### Exercise description
The lines below, from the first through the one containing "Cake Boards 14", are to be given again exactly, with pictures left out and nothing added.

[Brief descriptive captions]
*-*-*

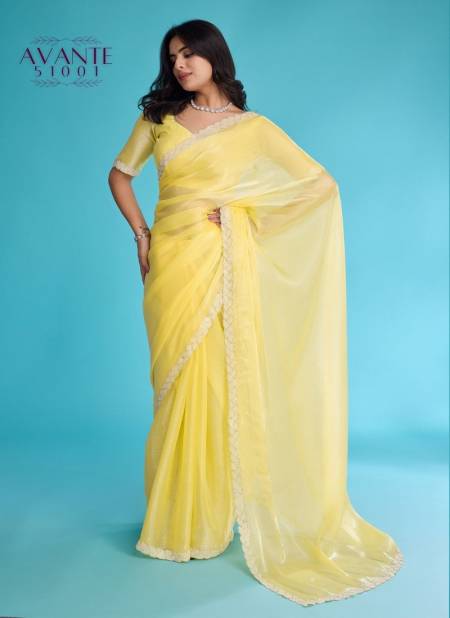 Yellow Colour Avante By Sethnic Tissue Burberry Fancy Saree Exporters In India 51001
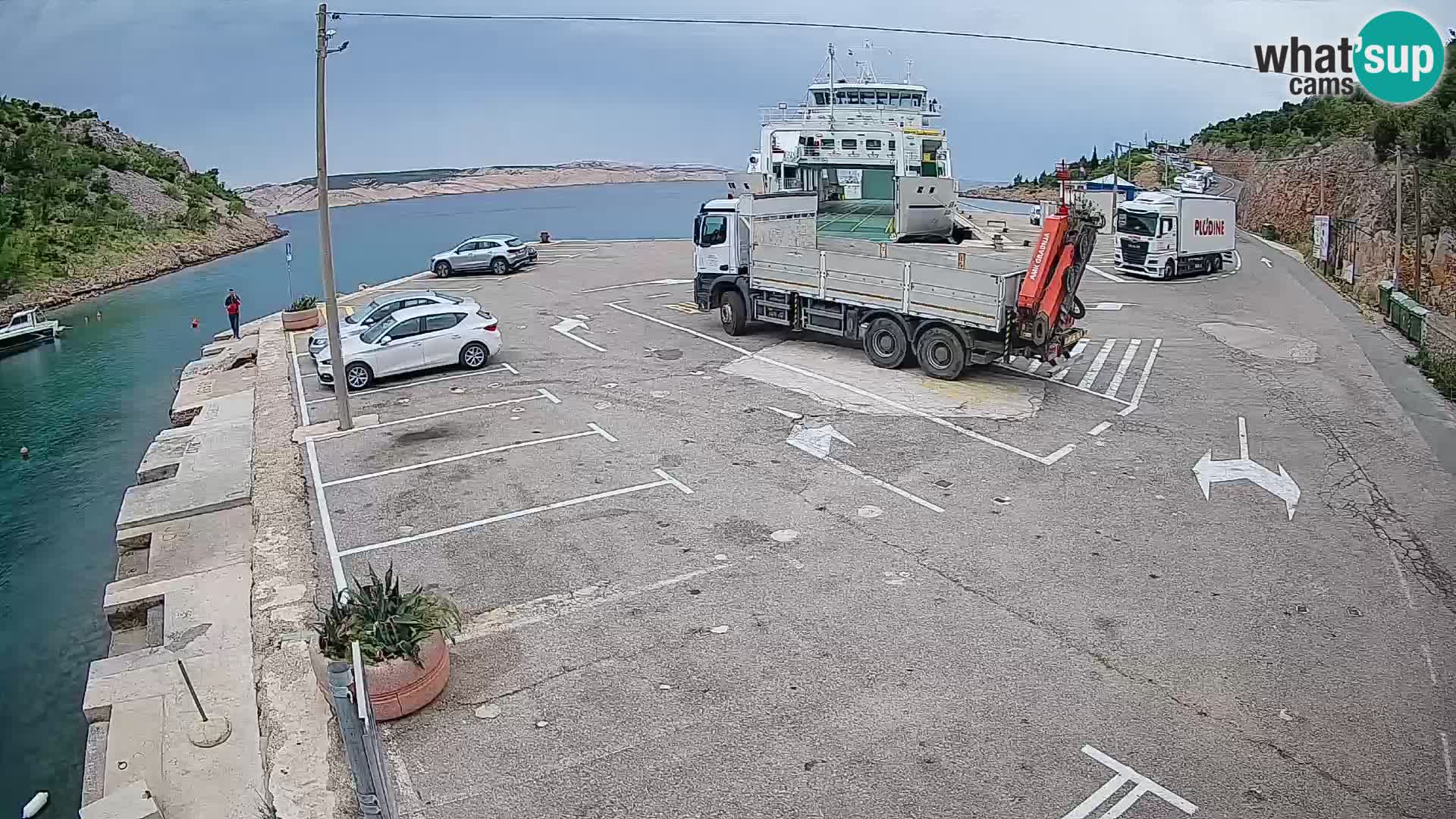 Webcam Fährhafen Prizna – zur Insel Pag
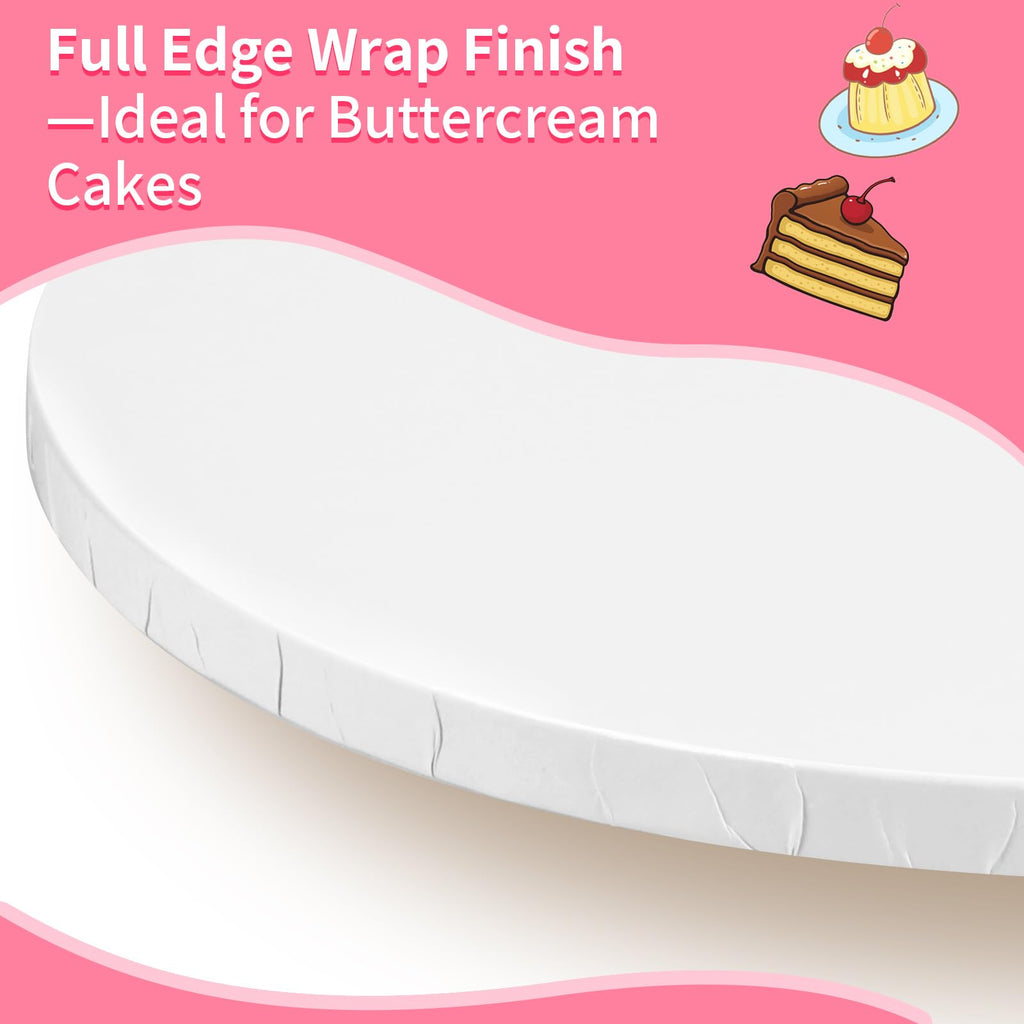 Cake Boards 14 Inch Round – 4 Pack 1/2 Inch Thick Cake Drums with Full Wrapped Edges, Corrugated Cake Base Board for Wedding, Party, Baking & Multi-Layer Cakes (White)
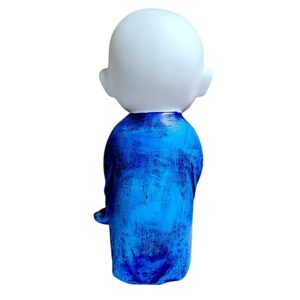 Blissful Baby Buddha Idol in Blue Resin Namaste Monk Statue for Calm Vibes, Home Decor & Spiritual Gifting - Karigaari India Aesthetic Home Decor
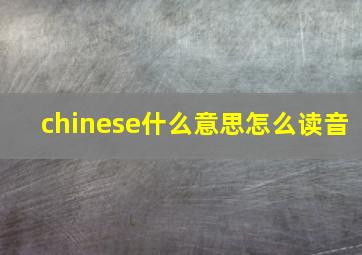 chinese什么意思怎么读音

*-*-*

### Answer area
 Yellow Colour Avante By Sethnic Tissue Burberry Fancy Saree Exporters In India 51001
 Webcam Fährhafen Prizna – zur Insel Pag
 Cake Boards 14 Inch Round – 4 Pack 1/2 Inch Thick Cake Drums with Full Wrapped Edges, Corrugated Cake Base Board for Wedding, Party, Baking & Multi-Layer Cakes (White)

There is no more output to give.